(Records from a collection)
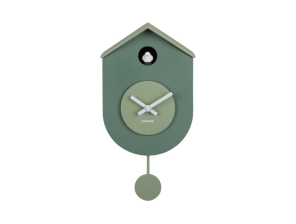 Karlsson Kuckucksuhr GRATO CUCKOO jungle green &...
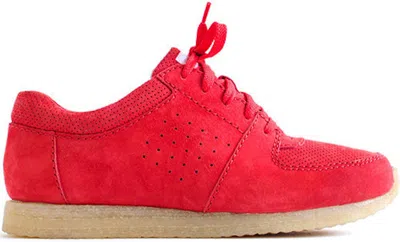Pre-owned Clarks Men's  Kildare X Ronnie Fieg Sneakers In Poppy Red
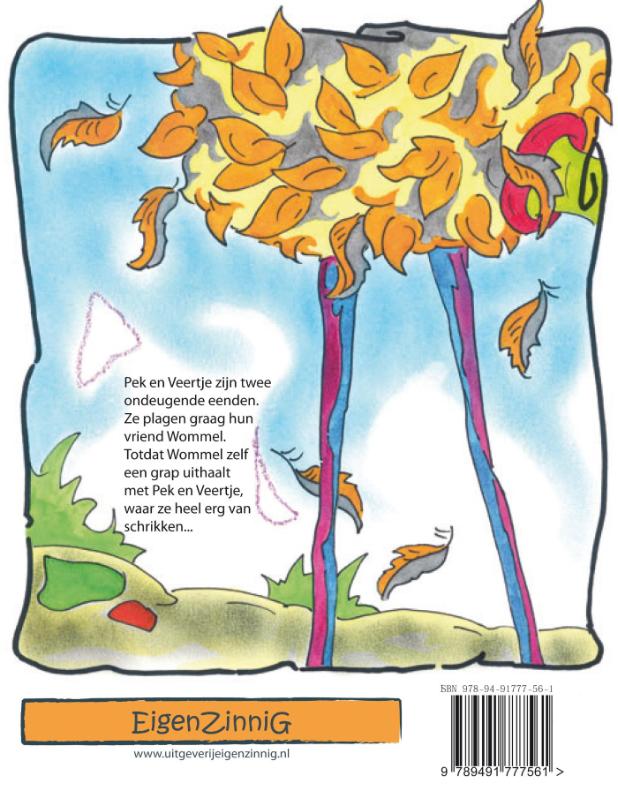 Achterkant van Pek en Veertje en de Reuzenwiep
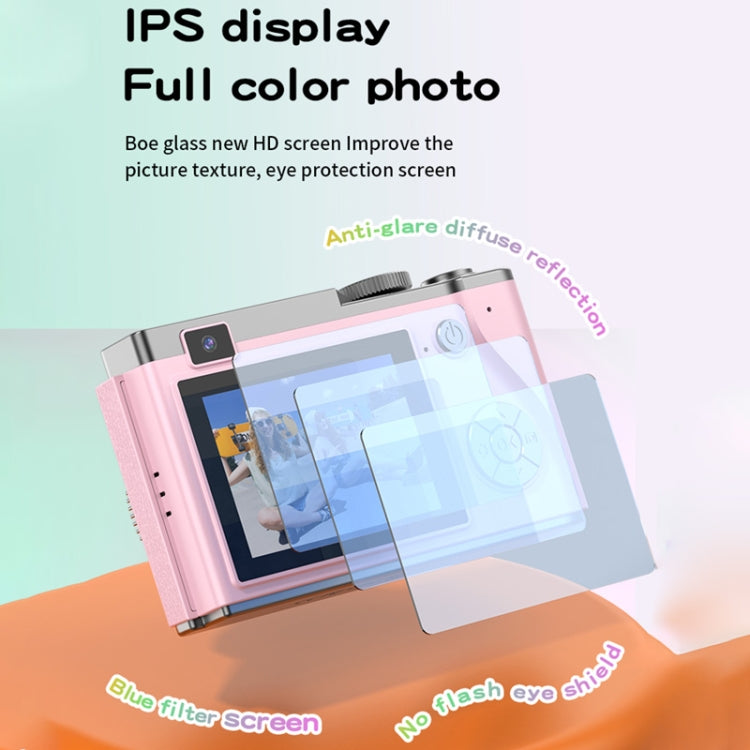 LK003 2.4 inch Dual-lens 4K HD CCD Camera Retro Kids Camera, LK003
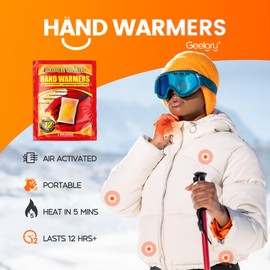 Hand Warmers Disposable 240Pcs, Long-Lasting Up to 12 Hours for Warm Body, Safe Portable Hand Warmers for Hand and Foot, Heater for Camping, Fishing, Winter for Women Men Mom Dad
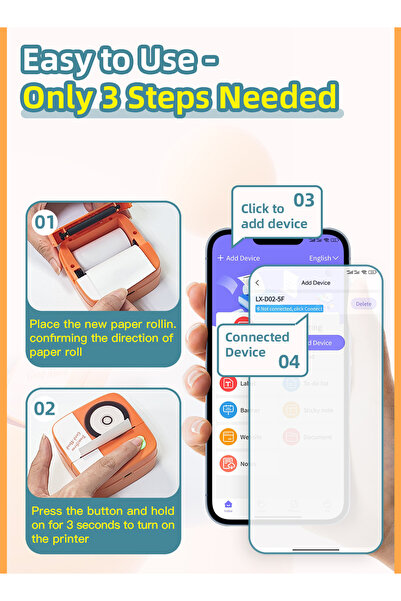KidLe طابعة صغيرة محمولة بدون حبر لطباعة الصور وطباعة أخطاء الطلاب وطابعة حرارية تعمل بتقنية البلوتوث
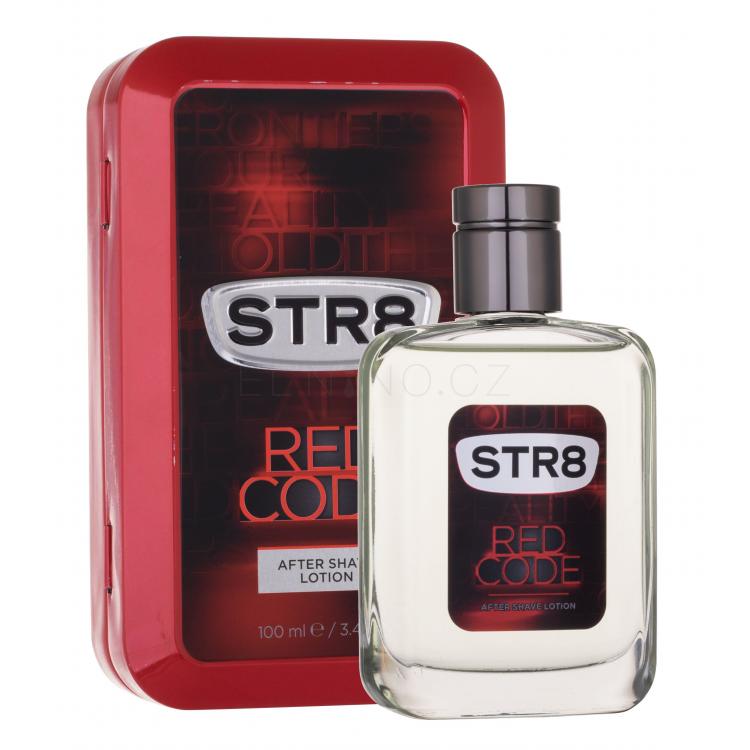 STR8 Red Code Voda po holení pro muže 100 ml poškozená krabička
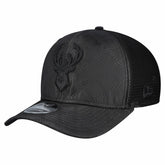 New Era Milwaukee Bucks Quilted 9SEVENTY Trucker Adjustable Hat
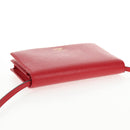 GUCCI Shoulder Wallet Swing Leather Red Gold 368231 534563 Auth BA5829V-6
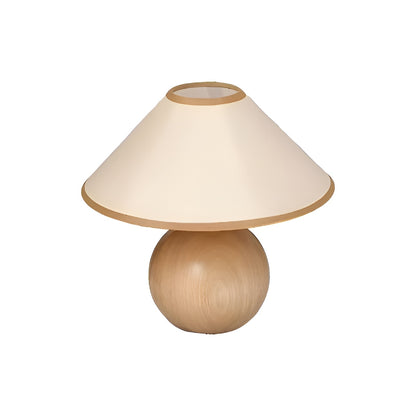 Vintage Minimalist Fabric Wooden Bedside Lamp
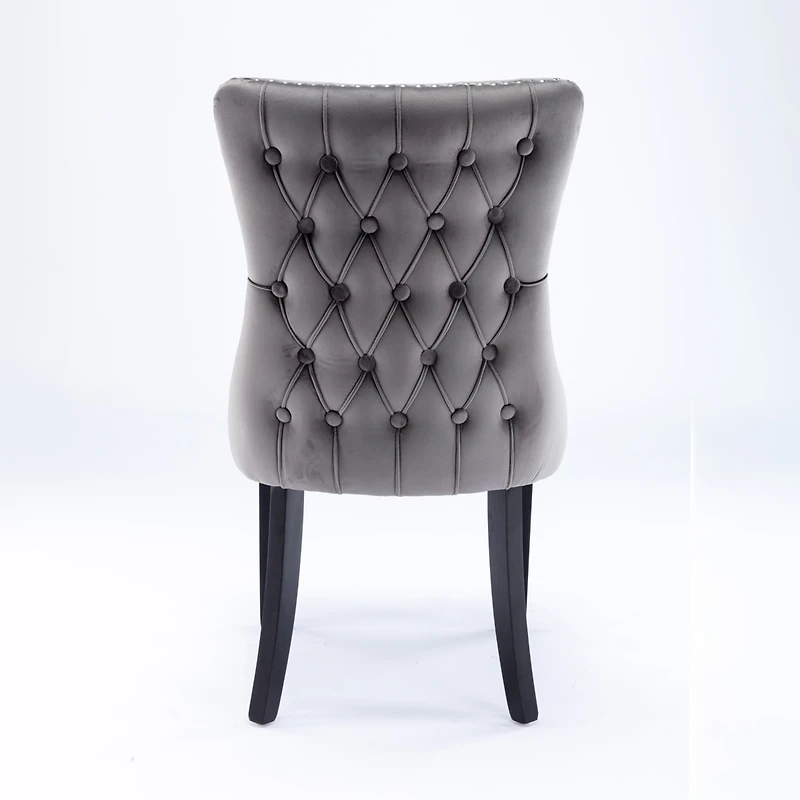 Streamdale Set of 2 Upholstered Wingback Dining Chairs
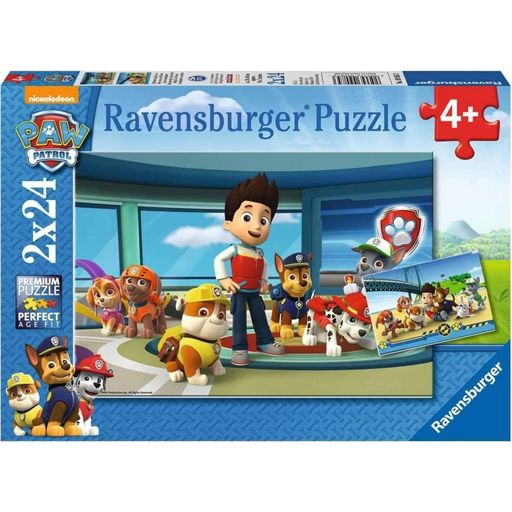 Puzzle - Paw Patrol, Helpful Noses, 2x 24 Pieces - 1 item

> [WHAT TO DO] Restate word for word, and only, the lines from the line that contains "Pre-owned Clarks Men's" through the end of the data, both included; pictures are not part of the copy.

> [ANSWER TO THIS PROBLEM]
Pre-owned Clarks Men's  Kildare X Ronnie Fieg Sneakers In Poppy Red
 Achterkant van Pek en Veertje en de Reuzenwiep
 LK003 2.4 inch Dual-lens 4K HD CCD Camera Retro Kids Camera, LK003
 Hand Warmers Disposable 240Pcs, Long-Lasting Up to 12 Hours for Warm Body, Safe Portable Hand Warmers for Hand and Foot, Heater for Camping, Fishing, Winter for Women Men Mom Dad
KidLe طابعة صغيرة محمولة بدون حبر لطباعة الصور وطباعة أخطاء الطلاب وطابعة حرارية تعمل بتقنية البلوتوث
 STR8 Red Code Voda po holení pro muže 100 ml poškozená krabička
 New Era Milwaukee Bucks Quilted 9SEVENTY Trucker Adjustable Hat
 GUCCI Shoulder Wallet Swing Leather Red Gold 368231 534563 Auth BA5829V-6
 Vintage Minimalist Fabric Wooden Bedside Lamp
 Streamdale Set of 2 Upholstered Wingback Dining Chairs
 Puzzle - Paw Patrol, Helpful Noses, 2x 24 Pieces - 1 item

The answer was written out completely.